Ecclesiastes 3:1-15: Hearts Set on Eternity

Ecclesiastes 3:1-15: Hearts Set on Eternity

Ecclesiastes 3:1-15 was classically adapted by The Byrds in the song “Turn, Turn, Turn”. The song is lifted right out of the text for the most part. The “Preacher” in Ecclesiastes penned this poem in light of a general observation he makes: there is a time for everything. He lists 14 things using classical Hebrew parallelism about many life events concerning life. The Preacher, being an old man, perhaps saw many cycles of these various antonymous pairs. And he himself had probably experienced many of them first hand with his family, fortunes, and friends. The general observation has already been made in one fashion in Ecclesiastes 1:1-11. In chapter one and here in chapter 3, the Preacher describes the circular nature of life with an ebb and flow to all things. When one makes and observation that something is new, this really is not the case. Rather, someone is really rehashing the same old stuff. It might have the appearance of newness, but in and of itself is nothing of note.

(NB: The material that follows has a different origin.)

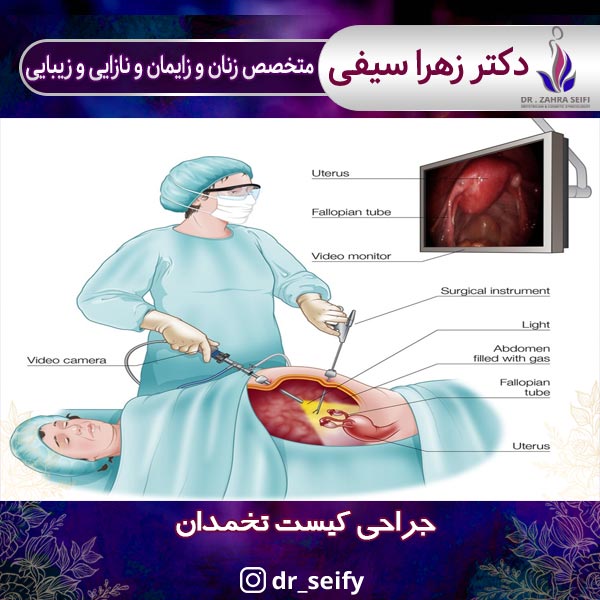 جراحی کیست تخمدان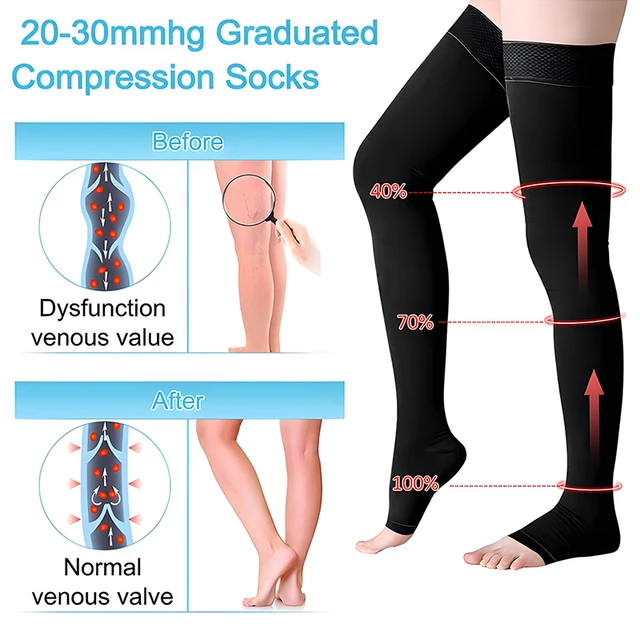 Thigh High Compression Stockings, Open Toe, Pair, Firm Support 20-30mmHg  Gradient Compression Socks with Silicone Band, Unisex, Opaque, Best for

The Preacher does make some observations concerning God though. First, he says that God has set the hearts of man on eternity, yet no one can fully comprehend it. Man has always yearned to understand what is beyond the temporal existence he lives in. Second, he notes that the best thing for men to do is be happy and do that which is good. Man should enjoy the fruits of his labor; this is a gift from God. And third, he says that everything that God does endures, and nothing can be added or taken away from this. God’s work in its totality is complete and infinite. The Preacher says this is so that man might fear God. The contrast between the finality and finitude of the experience of man and the eternalness and infinitude of God stand in stark contrast to one another. The Preacher in all his endeavors could still not obtain or grasp what it is like to be like God in these regard, and all his pursuits left him empty

The yearning for eternity can only be satisfied with one thing: God. When Jesus came to earth, he came as a man to break the cycle of death so that man might be free of it. Jesus died, but he did not stay dead. He resurrected from the dead. He also came to disrupt the cycle the Preacher describes in other ways. In the end, there will be no more pain, no more suffering, no more tears (Revelation 21:4). All that stands in contrast to what men desire from eternity will be satisfied in Jesus. When Jesus says he came to that men may have life, and have it abundantly (John 10:10). God has set the hearts of man on eternity to that they would fear him – that is trust him. The provision that God made to satisfy this is Jesus, who was God in the flesh. There can be no greater satisfaction than that which comes from the maker of the universe!

Lord, my heart yearns for eternity. My heart yearns for you!